BEGIN Information shown

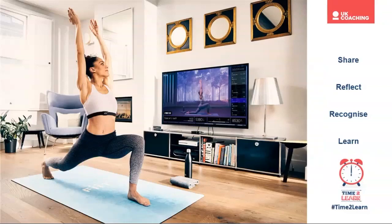I wanted to start by setting a little bit of context for what we're going to take you through today. The focus is around coaching people online through a digital medium or platform, and we wanted to share some examples of great coaching and use those as an opportunity to reflect on our coaching practice — some of the considerations we may need to make with regards to either getting started or continuing to develop our practice delivering online.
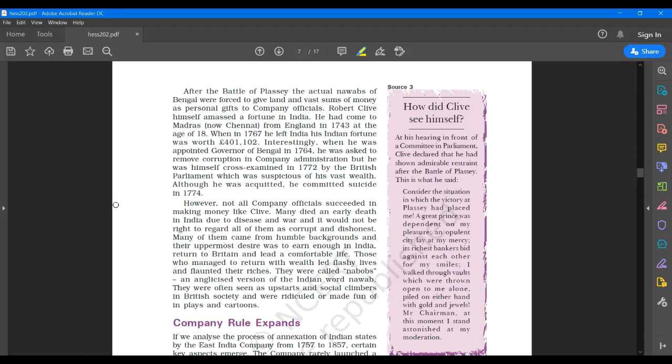Those who managed to return with wealth led flashy lives and flaunted their riches. They were called Nawabs, an angelicized version of Indian word Nawab. They were often seen as upstarts and social climbers in British society and were ridiculed or made fun of in plays and cartoons.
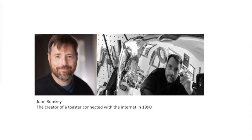Hello everyone and welcome back. In 1990, John Ronke created a toaster that could be turned on and off over the internet.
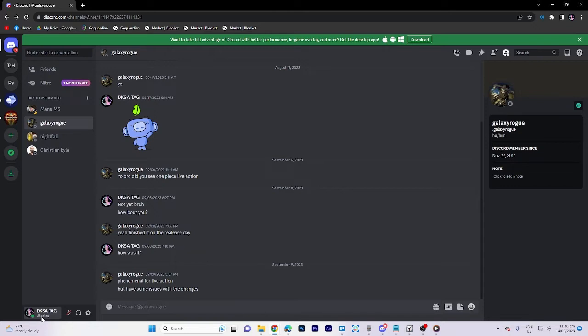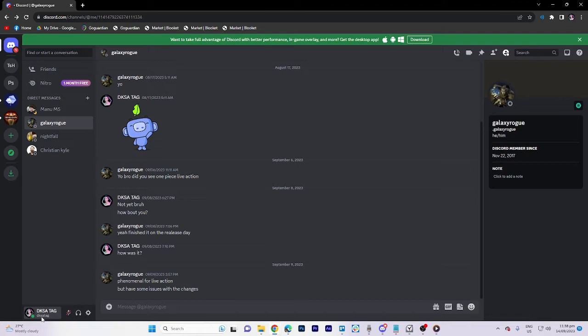To begin, please ensure that you are already logged into your Discord account and using a web browser, as this feature is exclusive to this platform. Additionally, make sure you are using a desktop or PC.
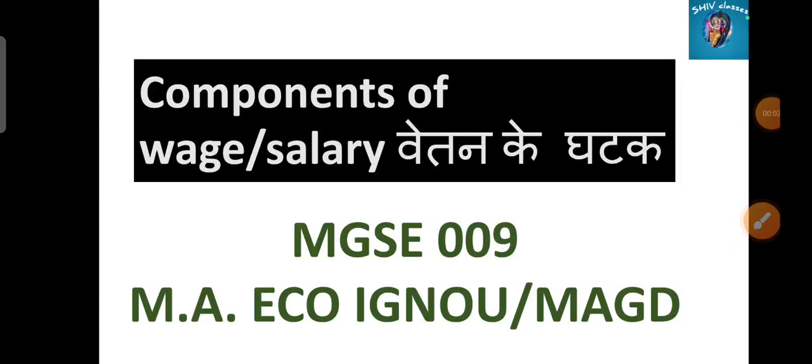Hello everyone, this is Shwangi and welcome to Shift Classes. In this video, we will discuss the components of wage. In this exam, we will start with the two languages.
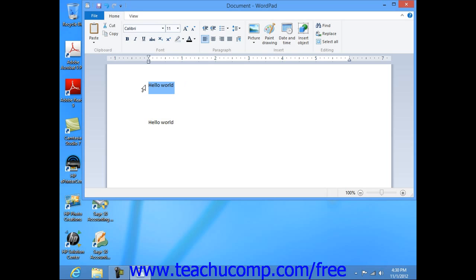The text that is selected will then receive the changes that you make to its appearance. Non-selected text will not be changed.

END Information shown

- **Requirement**:
Starting at the line above that has "Those who managed" and ending at the line that has "Hello everyone and", copy each line exactly, leaving the pictures out and adding nothing.

- **Exercise response**:
Those who managed to return with wealth led flashy lives and flaunted their riches. They were called Nawabs, an angelicized version of Indian word Nawab. They were often seen as upstarts and social climbers in British society and were ridiculed or made fun of in plays and cartoons.
Hello everyone and welcome back. In 1990, John Ronke created a toaster that could be turned on and off over the internet.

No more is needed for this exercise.